<@U017KUAENS0> We've been continuing our memoizati...
# ask-community
d
@chris We've been continuing our memoization work. All is mostly good except for the DagsterNoStepsToExecute error. Is it intentional that an exception is raised if there is nothing to do? Am I calling the pipeline incorrectly? I end up having to wrap a bunch of our execution processes in try blocks like below: It makes me wonder how to access the output from a previously run memoized pipeline.
c
Yea, this is the (currently) correct behavior. If there are no steps to execute, then this error will be thrown. Essentially dagster isn't designed to run with no steps, and so to prevent more esoteric failures later on, we just fail fast here.
We don't currently have a super convenient API to access run results to my knowledge, and this is a known feature gap. In combination with the no step keys to execute error though, I'm seeing that it makes for a bit of an incongruency.
one potential workaround is directly instantiating your io manager, and using build_input_context/build_output_context to pass to the
handle_input
and
load_output
respectively
d
hmm. That's interesting. I'm glad to hear I interpreted it correctly. Do you anticipate this making it's way onto the roadmap at some point? It also seems like I could put a dummy step into the pipeline that would never get saved.
c
that seems like a good workaround for now. A better solution is definitely on the roadmap, whether that is a better output-retrieval API or being able to execute without any steps, or both
d
I realized this is a bit more frustrating than I originally thought. I've been playing around with it more and it seems like if something is loaded, I can't access it as output at all. Is that also correct? The use case is if I rerun a pipeline I can not access the previous output for a step. Is there something I can do to help make that possible?
I also looked through the instantiation docs but I'm not sure how to get that to work. It seems like I'm also missing the version information when I create that context.
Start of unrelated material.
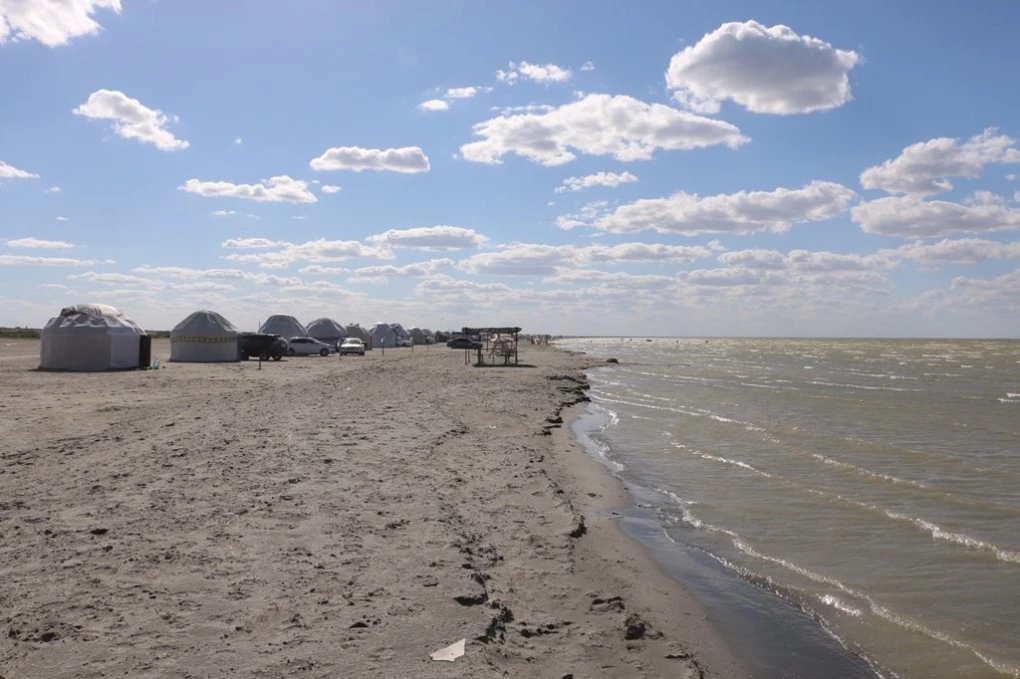 Россиянка погибла от удара молнии на пляже в ЗКО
I can get around the limitation by creating a dummy solid that calls that output. As long as it isn't saved, I can access the output.
c
Hmm. Are you saying that from the result object returned by
execute_pipeline
, that you can't access outputs memoized from previous runs?
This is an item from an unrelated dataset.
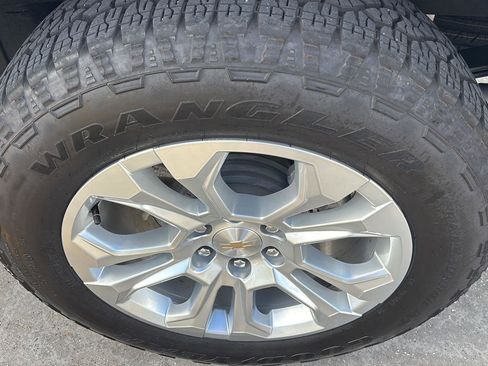 Certified 2024 Chevrolet Silverado 1500 LTZ image 13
I'll investigate solutions around this space. I think both of these problems should be fixable: not failing if we have no steps to execute, and retrieving outputs from previously memoized runs.
d
yes. that's the conclusion I've come to. I've ended up creating a dummy step that won't be memoized. That allows us to basically point back to the memoized dataframe. Happy to share whatever I can to help.
we fully realize this is experimental. It's a fantastic start.